Es la propia Nueva Mayoría la que se está autoinfligiendo heridas en lo comunicacional, y esa enfermedad hoy es un virus que atraviesa transversalmente la política nacional.
Publicado el 18.01.2016
Comparte:

La Nueva Mayoría, con la Presidenta Michelle Bachelet a la cabeza, sencillamente no entiende. La crisis actual de la que ellos mismos dan fe de su existencia y dicen estar conscientes, parece lejos de solucionarse con la creación de más y más pseudoeventos políticos.

Constituir comisiones y mesas a borbotones; pedir precipitadamente la renuncia a todo el gabinete y lanzarlo como bombón en una entrevista prime time; anunciar ambiguamente docenas de veces procesos nada menores como la redacción de una Nueva Constitución; furtivos viajes relámpago a zonas del país azotadas o por catástrofes naturales o por actos de terrorismo… y ahora, por enésima vez, una cumbre en Cerro Castillo.

El Ejecutivo ha terminado por gastar toda la batería de opciones que el manual dispone en momentos de crisis política. El gobierno de la Nueva Mayoría ya fatigó los “golpes de timón”, los “segundos y terceros tiempos”, los “reimpulsos” y las “renovadas energías”.

Así, las conclusiones de la última cita de los timoneles oficialistas con la Presidenta y su equipo político son un motivo más para sentarse a llorar, ya no de desesperación y menos de angustia, sino realmente por lástima. Pensar que quedan 26 meses de un gobierno caprichoso, mediados por una elección municipal que puede significar el inicio de un proceso de tal volatilidad que en 2018 puede instalar en La Moneda a alguien que aún ni figura en las encuestas de opinión. El riesgo es real pero, como suele pasar en Chile, ya otros se encargarán.

Ahora bien, por un lado trascendió -concepto clave en este gobierno de secretos y rumores- que Bachelet señaló en el encuentro en Cerro Castillo que “habría motivos para sentirse orgullosos”, aludiendo a las pocas reformas que se han logrado materializar. Realmente llamaría la atención que los interlocutores no se sintiesen tratados como lelos frente a esa arenga, pues todos son testigos que ese escuálido puñado de reformas ha sido concretado de manera parcial, a la rápida y abriendo graves heridas en la coalición gobernante.
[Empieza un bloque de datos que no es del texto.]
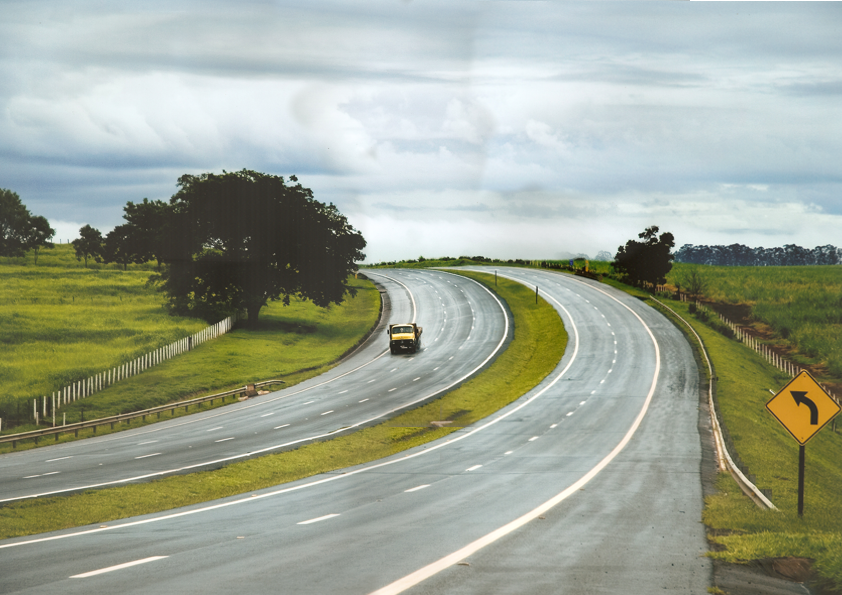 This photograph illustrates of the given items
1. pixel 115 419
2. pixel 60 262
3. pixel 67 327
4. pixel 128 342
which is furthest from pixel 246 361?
pixel 60 262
Para colmo, la Presidenta habría llamado a “recuperar la convicción por las reformas” originales y emblemáticas. Con esto, se confirma que Bachelet no termina por entender que su fracaso no se debe a la no concreción de su programa, sino que al programa mismo, redactado bajo la creencia de que el escenario para ponerlo en marcha sería el de un oficialismo sólido como el de los 90’, bajo el mandato popular de una presidenta como la de 2009.
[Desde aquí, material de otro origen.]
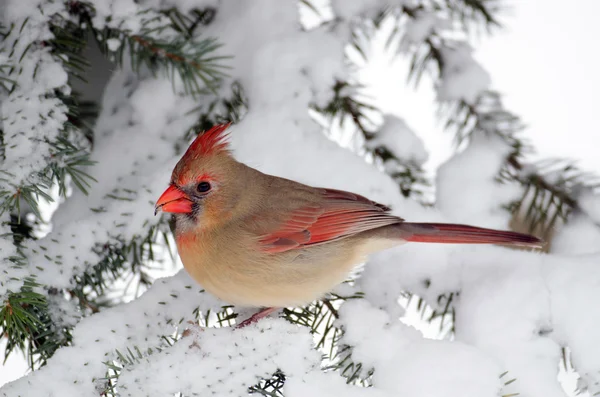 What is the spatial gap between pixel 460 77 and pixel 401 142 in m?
0.31

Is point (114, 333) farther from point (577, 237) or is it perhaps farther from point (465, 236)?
point (577, 237)

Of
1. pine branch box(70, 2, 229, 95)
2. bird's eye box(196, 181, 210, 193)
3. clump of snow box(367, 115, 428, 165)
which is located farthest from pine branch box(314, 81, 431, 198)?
bird's eye box(196, 181, 210, 193)

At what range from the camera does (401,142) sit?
2.24 meters

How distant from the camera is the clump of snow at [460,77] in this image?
2291 mm

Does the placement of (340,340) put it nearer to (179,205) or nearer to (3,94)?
(179,205)

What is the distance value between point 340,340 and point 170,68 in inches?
42.8

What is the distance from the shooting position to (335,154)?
2146 mm

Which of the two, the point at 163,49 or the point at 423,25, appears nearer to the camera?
the point at 163,49

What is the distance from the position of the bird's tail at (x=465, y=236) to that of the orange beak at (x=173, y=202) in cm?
63

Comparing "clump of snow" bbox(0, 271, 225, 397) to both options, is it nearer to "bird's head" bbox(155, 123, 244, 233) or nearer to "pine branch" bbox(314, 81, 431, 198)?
"bird's head" bbox(155, 123, 244, 233)

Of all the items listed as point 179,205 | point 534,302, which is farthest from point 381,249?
point 179,205

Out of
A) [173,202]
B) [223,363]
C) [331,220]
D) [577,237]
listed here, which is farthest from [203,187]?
[577,237]

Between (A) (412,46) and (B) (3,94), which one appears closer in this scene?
(B) (3,94)

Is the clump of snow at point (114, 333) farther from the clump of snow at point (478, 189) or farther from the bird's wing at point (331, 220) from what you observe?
the clump of snow at point (478, 189) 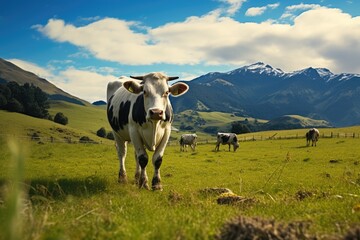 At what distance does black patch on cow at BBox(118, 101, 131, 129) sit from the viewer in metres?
13.0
A la salida del encuentro oficialista, hablaron los presidentes de los partidos de la desahuciada Nueva Mayoría. Entre ellos, resulta fascinante la confesión del timonel de la DC, Jorge Pizarro -el mismo al que el gobierno le ha faltado el respeto reiteradas veces-, quien delineó que su diagnóstico es que “se está perdiendo la batalla comunicacional”.

Resulta atractiva la prescripción del democratacristiano, principalmente porque para una batalla -se gane o se pierda- se necesita alguien a quien enfrentarse. En este caso, desde luego no es la oposición, esa ciénaga de la que cada mes sale un “referente” nuevo y cada semana un movimiento que promete todo sin decir nada. La centroderecha chilena, fragmentada y mostrenca, está lejos de tener la capacidad de enfrentar una batalla comunicacional con el oficialismo. Entonces, ¿contra quién se pierde la ofensiva según Pizarro? Es evidente que contra ellos mismos.

Es la propia Nueva Mayoría la que se está autoinfligiendo heridas en lo comunicacional y esa enfermedad, que hasta hace poco parecía exclusiva de la centroderecha chilena, hoy es un virus que atraviesa transversalmente la política nacional.

Una cima más para que todos, menos los asistentes a la misma, confirmen la borrasca caprichosa y soberbia en la que se está.

Una cima más para demostrar al país que estamos en la sima de la democracia.

 

Alberto López-Hermida, Doctor en Comunicación Pública, académico UANDES.